**The records:**

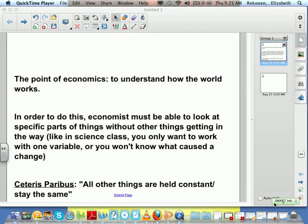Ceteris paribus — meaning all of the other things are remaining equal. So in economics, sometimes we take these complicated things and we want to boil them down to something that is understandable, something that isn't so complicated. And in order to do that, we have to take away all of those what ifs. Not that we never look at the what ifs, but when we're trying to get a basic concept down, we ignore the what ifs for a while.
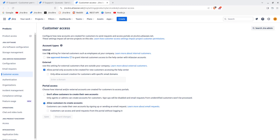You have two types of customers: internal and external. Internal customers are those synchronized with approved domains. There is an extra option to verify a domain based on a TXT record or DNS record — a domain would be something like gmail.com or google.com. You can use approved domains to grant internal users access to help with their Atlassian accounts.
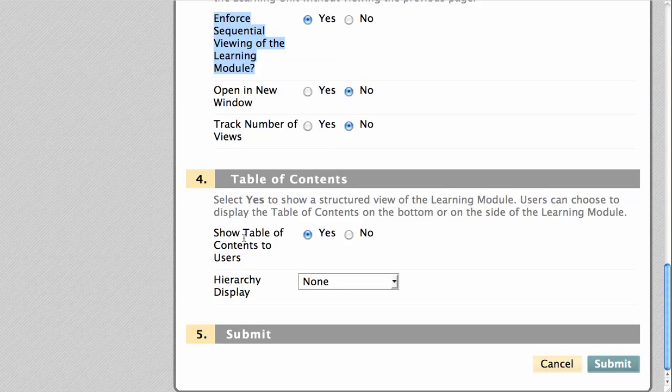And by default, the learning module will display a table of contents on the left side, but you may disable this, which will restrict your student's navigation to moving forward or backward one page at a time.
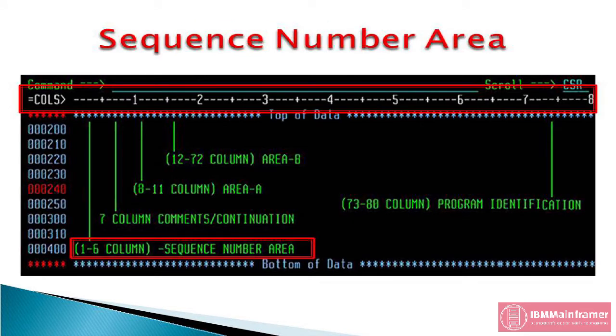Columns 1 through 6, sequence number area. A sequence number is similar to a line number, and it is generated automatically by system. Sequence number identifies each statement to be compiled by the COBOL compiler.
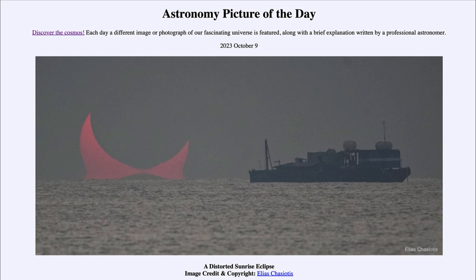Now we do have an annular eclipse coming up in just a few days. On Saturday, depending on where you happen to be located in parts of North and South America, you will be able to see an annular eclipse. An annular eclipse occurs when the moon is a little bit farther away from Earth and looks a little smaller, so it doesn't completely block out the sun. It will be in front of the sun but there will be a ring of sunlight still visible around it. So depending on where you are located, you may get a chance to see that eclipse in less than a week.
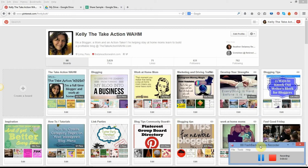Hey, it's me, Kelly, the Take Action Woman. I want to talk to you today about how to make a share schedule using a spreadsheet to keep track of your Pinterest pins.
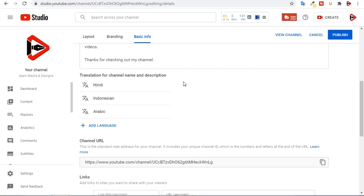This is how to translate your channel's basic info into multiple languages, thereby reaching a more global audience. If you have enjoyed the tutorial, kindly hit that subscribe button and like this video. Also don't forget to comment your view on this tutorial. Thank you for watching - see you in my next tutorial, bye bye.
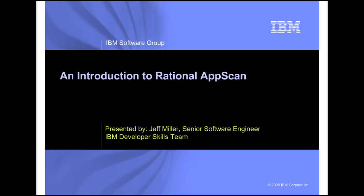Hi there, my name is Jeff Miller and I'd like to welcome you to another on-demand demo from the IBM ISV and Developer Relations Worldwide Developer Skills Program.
...
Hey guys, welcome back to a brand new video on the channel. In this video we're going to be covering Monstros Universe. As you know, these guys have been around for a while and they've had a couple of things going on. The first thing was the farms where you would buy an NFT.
--
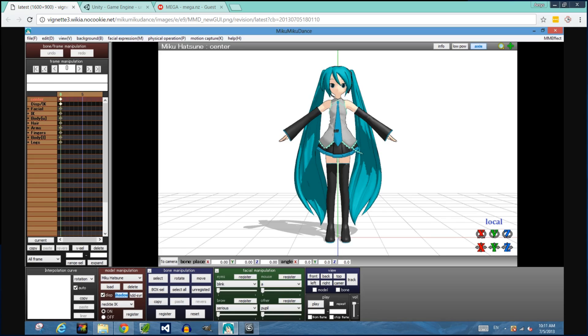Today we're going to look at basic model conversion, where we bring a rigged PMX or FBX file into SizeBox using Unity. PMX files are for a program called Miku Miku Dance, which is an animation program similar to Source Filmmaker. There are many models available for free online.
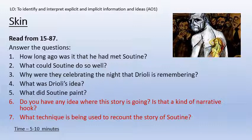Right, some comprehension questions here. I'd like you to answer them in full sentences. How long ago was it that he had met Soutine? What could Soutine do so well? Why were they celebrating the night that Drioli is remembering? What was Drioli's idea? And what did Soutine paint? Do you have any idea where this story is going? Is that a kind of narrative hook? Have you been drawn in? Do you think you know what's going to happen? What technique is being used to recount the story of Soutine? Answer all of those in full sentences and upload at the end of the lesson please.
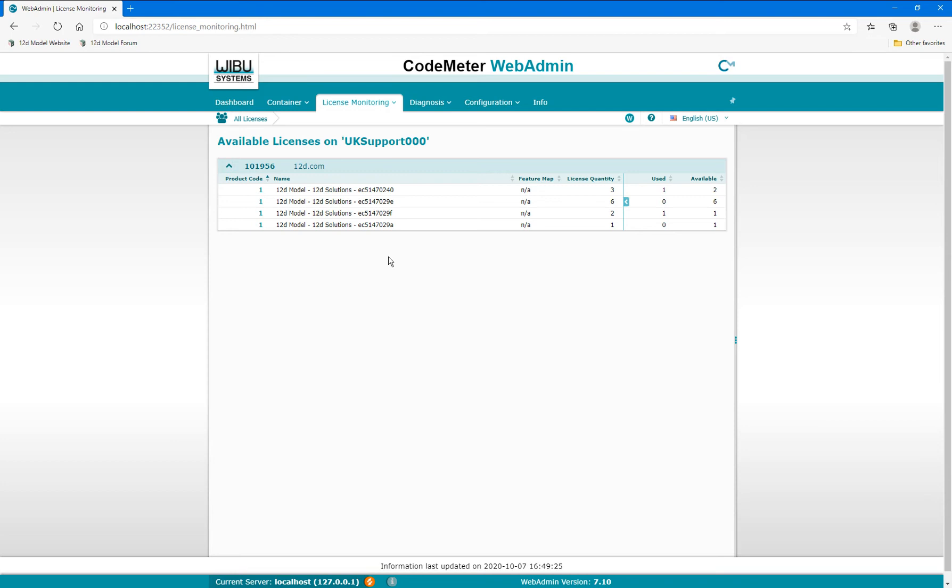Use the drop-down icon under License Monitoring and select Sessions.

**Directions:**
An exact transcription is needed of the lines from the one with "Ceteris paribus —" to the one with "Columns 1 through" above, both ends included, with pictures left out.

**Solved exercise:**
Ceteris paribus — meaning all of the other things are remaining equal. So in economics, sometimes we take these complicated things and we want to boil them down to something that is understandable, something that isn't so complicated. And in order to do that, we have to take away all of those what ifs. Not that we never look at the what ifs, but when we're trying to get a basic concept down, we ignore the what ifs for a while.
You have two types of customers: internal and external. Internal customers are those synchronized with approved domains. There is an extra option to verify a domain based on a TXT record or DNS record — a domain would be something like gmail.com or google.com. You can use approved domains to grant internal users access to help with their Atlassian accounts.
And by default, the learning module will display a table of contents on the left side, but you may disable this, which will restrict your student's navigation to moving forward or backward one page at a time.
Columns 1 through 6, sequence number area. A sequence number is similar to a line number, and it is generated automatically by system. Sequence number identifies each statement to be compiled by the COBOL compiler.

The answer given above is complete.